ORM: Add `get_size_on_disk` method to `RemoteData` #6584

GeigerJ2 · 2024-10-15T16:00:05Z

Required for PR #6578.

By default, the get_size_on_disk method calls the method _get_size_on_disk_du that uses du to obtain the total directory size in bytes. If the call to du fails for whatever reason, recursive stat is being used, though, that is discouraged as stat returns the apparent size of files, not the actual disk usage.

I further extended the existing tests for RemoteData to use both, LocalTransport, as well as SshTransport, and test for the functionality added in this PR.

Pinging also @npaulish, as she's currently working on retrieving RemoteData objects.

codecov · 2024-10-15T16:32:14Z

Codecov Report

Attention: Patch coverage is 82.60870% with 16 lines in your changes missing coverage. Please review.

Project coverage is 77.94%. Comparing base (c532b34) to head (9c3d2ba).
Report is 1 commits behind head on main.

Files with missing lines	Patch %	Lines
src/aiida/orm/nodes/data/remote/base.py	88.24%	8 Missing ⚠️
src/aiida/cmdline/commands/cmd_data/cmd_remote.py	50.00%	7 Missing ⚠️
src/aiida/common/utils.py	90.00%	1 Missing ⚠️

Additional details and impacted files

@@            Coverage Diff             @@
##             main    #6584      +/-   ##
==========================================
+ Coverage   77.92%   77.94%   +0.02%     
==========================================
  Files         563      563              
  Lines       41671    41761      +90     
==========================================
+ Hits        32467    32545      +78     
- Misses       9204     9216      +12

☔ View full report in Codecov by Sentry.
📢 Have feedback on the report? Share it here.

giovannipizzi · 2024-10-17T12:14:19Z

This is maybe machine-dependent, but rather than going via our API (that is more robust, but definitely going to be slower, I think) have a first "fast" option just running du -s and parsing the output (but careful about units!
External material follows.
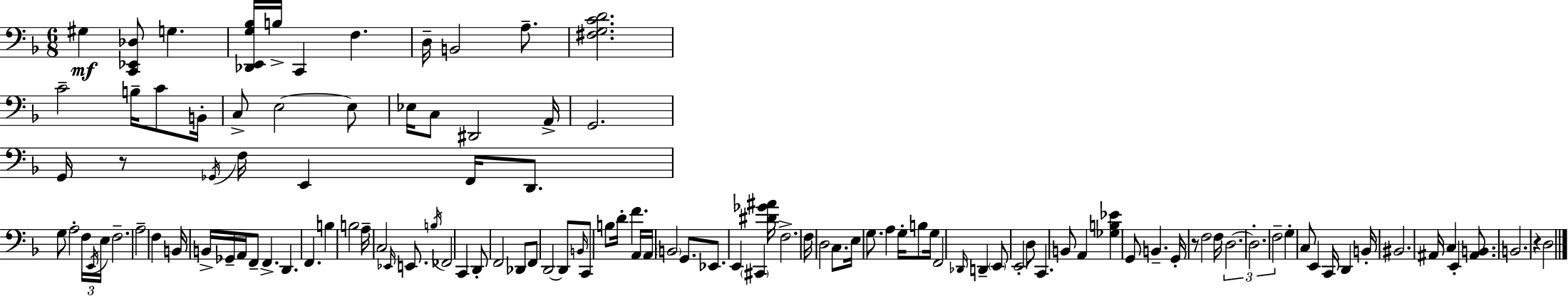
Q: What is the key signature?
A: D minor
E.g. it uses "blocks", on some systems it's 512 or 2048bytes!! And if it fails, fall back to your solution?

GeigerJ2 · 2024-10-17T12:31:05Z

Note to self to run du via exec_command_wait method from transport.

khsrali

Thanks @GeigerJ2 please go through more pains that I imposed 😈

src/aiida/common/utils.py

src/aiida/orm/nodes/data/remote/base.py

tests/orm/nodes/data/test_remote.py

GeigerJ2

Not sure why my replies via the files GH tab appear as a review, but whatever... ^^

Thanks for the review @khsrali. I implemented most of your proposed changes!

As to our in-person discussion if du or lstat is preferred, I think none of the two is ideal... lstat giving the actual byte-sized content, which is neat and all, but won't correspond to the disk space that will actually be occupied locally by a file, due to the use of blocks for the file system. And du giving the actual occupied disk space on the remote, which, however, might be different from the local file system (due to having a different file system on the local machine, different formatting, different block size, etc.). Hence, the big difference in the file size check in the test. For real-world use cases, with more and larger files, the difference is likely much smaller, and won't matter too much, I think. I'll add a test for a larger file, as well as modify the message that the given size is just an estimate, so that user are aware they should take the value with a grain of salt.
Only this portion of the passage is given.